Stereo Audio

The human ear hears sounds in stereo, and the brain uses the subtle differences in sounds entering the left and right ears to locate sounds in the environment. To re-create this sonic experience, stereo recordings require two audio channels throughout the recording and playback process. The microphones must be properly positioned to accurately capture a stereo image, and speakers must also be spaced properly to re-create a stereo image accurately.

If any part of the audio reproduction pathway eliminates one of the audio channels, the stereo image will most likely be compromised. For example, if your playback system has a CD player (two audio channels) connected to only one speaker, you will not hear the intended stereo image.

Important: All stereo recordings require two channels, but two-channel recordings are not necessarily stereo. For example, if you use a single-capsule microphone to record the same signal on two tracks, you are not making a stereo recording.

Identifying Two-Channel Mono Recordings

When you are working with two-channel audio, it is important to be able to distinguish between true stereo recordings and two tracks used to record two independent mono channels. These are called dual mono recordings.

Examples of dual mono recordings include:

  • Two independent microphones used to record two independent sounds, such as two different actors speaking. These microphones independently follow each actor’s voice and are never positioned in a stereo left-right configuration. In this case, the intent is not a stereo recording but two discrete mono channels of synchronized sound.

  • Two channels with exactly the same signal. This is no different than a mono recording, because both channels contain exactly the same information. Production audio is sometimes recorded this way, with slightly different gain settings on each channel. This way, if one channel distorts, you have a safety channel recorded at a lower level.

  • Two completely unrelated sounds, such as dialogue on track 1 and a timecode audio signal on track 2, or music on channel 1 and sound effects on channel 2. Conceptually, this is not much different than recording two discrete dialogue tracks in the example above.

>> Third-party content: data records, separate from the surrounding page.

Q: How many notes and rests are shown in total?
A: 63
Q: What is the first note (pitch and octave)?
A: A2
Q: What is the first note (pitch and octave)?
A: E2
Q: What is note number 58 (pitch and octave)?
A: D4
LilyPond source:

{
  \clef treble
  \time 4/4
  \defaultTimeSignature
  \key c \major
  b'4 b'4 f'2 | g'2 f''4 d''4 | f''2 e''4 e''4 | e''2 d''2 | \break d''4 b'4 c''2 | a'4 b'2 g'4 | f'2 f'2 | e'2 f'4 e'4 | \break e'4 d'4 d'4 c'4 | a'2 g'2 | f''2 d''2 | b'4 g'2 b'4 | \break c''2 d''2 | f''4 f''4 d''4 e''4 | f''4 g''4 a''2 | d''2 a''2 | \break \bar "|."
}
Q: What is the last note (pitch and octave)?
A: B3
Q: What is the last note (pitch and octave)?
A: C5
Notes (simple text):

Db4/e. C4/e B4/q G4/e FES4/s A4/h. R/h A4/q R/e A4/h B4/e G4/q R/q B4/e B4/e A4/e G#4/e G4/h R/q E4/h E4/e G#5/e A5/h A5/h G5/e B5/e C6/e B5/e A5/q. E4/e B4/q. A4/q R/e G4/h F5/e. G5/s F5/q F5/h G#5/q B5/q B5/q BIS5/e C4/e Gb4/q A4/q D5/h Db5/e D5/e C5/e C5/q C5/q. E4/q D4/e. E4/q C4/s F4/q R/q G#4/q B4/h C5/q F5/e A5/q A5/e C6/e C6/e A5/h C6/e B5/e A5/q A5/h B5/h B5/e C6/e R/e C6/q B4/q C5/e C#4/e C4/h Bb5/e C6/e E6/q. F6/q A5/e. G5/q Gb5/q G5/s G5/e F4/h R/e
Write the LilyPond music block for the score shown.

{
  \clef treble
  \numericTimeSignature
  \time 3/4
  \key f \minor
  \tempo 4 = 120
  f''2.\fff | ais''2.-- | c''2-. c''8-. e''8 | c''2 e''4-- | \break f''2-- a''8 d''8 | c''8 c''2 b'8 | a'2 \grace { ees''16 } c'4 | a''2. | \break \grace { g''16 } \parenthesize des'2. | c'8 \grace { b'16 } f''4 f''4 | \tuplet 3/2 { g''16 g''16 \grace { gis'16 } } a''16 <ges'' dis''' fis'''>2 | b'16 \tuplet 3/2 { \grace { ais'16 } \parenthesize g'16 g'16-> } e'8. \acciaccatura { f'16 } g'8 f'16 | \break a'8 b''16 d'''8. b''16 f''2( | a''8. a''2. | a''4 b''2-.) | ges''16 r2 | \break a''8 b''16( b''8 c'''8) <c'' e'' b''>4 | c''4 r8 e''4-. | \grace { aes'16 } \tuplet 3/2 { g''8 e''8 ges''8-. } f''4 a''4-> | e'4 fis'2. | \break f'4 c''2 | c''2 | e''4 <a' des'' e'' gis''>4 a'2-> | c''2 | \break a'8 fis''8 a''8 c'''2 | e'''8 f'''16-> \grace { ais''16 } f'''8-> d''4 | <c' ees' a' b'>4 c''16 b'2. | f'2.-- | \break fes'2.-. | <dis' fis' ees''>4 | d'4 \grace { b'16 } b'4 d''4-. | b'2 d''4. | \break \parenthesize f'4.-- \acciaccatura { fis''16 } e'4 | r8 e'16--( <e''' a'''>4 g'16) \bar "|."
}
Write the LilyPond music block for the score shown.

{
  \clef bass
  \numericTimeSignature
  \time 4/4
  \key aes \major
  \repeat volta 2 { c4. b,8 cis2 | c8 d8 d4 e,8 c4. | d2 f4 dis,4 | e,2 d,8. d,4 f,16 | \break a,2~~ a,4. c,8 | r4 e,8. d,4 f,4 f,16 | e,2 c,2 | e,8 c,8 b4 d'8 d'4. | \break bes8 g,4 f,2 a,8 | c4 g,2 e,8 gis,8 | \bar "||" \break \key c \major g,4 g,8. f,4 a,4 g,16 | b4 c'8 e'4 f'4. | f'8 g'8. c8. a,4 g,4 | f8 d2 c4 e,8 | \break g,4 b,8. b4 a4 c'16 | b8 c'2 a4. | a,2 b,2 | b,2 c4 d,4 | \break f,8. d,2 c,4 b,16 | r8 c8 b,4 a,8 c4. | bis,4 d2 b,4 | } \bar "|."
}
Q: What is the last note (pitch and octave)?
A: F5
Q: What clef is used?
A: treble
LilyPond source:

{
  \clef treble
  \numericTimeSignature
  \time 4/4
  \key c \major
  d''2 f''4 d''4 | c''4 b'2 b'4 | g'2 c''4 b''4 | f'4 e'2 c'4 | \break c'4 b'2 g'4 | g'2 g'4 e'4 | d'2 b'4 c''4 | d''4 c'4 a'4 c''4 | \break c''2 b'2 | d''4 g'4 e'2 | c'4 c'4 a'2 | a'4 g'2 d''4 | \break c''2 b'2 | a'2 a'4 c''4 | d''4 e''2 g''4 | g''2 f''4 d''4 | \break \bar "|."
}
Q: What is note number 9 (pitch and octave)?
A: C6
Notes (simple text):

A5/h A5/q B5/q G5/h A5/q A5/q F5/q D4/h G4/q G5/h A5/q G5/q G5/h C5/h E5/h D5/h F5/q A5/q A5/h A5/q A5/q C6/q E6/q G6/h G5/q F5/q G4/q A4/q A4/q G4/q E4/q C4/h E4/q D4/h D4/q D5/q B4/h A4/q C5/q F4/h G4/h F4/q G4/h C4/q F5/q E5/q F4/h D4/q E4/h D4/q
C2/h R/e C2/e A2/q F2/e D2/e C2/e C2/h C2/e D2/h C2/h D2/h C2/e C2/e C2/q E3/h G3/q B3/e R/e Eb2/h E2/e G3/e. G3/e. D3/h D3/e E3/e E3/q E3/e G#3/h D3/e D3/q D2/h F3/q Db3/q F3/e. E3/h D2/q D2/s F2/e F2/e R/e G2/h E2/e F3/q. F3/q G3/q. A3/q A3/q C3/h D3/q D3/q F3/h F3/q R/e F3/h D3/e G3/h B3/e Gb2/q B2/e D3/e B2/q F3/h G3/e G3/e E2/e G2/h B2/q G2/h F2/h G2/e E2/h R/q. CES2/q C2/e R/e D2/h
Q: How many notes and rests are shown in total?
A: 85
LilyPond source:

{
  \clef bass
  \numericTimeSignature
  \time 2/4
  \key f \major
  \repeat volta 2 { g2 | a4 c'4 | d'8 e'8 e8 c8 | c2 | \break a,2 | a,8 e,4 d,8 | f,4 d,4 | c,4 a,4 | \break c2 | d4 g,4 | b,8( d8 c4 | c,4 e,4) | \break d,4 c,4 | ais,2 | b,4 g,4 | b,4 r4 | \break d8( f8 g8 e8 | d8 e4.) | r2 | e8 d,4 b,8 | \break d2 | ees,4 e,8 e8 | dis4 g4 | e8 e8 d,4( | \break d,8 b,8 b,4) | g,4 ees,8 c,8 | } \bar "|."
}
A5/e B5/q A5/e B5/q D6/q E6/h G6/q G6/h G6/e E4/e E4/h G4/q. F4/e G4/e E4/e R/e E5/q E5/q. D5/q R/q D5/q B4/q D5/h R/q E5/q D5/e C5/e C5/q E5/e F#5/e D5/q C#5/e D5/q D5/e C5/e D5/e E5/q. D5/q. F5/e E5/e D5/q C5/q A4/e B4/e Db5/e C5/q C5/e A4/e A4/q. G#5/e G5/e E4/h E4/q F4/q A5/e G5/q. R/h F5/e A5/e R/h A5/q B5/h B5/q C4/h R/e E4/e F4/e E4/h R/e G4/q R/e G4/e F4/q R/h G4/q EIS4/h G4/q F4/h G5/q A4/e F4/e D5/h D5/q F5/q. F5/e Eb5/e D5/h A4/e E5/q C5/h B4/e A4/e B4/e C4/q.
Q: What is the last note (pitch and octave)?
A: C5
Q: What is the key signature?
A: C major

The important point to remember is that if you have a two-track recording system, each track can be used to record anything you want. If you use the two tracks to record properly positioned left and right microphones, you can make a stereo recording. Otherwise, you are simply making a two-channel mono recording.

Identifying Stereo Recordings

When you are trying to decide how to work with an audio clip, you need to know whether a two-channel recording was intended to be stereo or not. Usually, the person recording production sound will have labeled the tapes or audio files to indicate whether they were recorded as stereo recordings or dual-channel mono recordings. However, things don’t always go as planned, and tapes aren’t always labeled as thoroughly as they should be. As an editor, it’s important to learn how to differentiate between the two.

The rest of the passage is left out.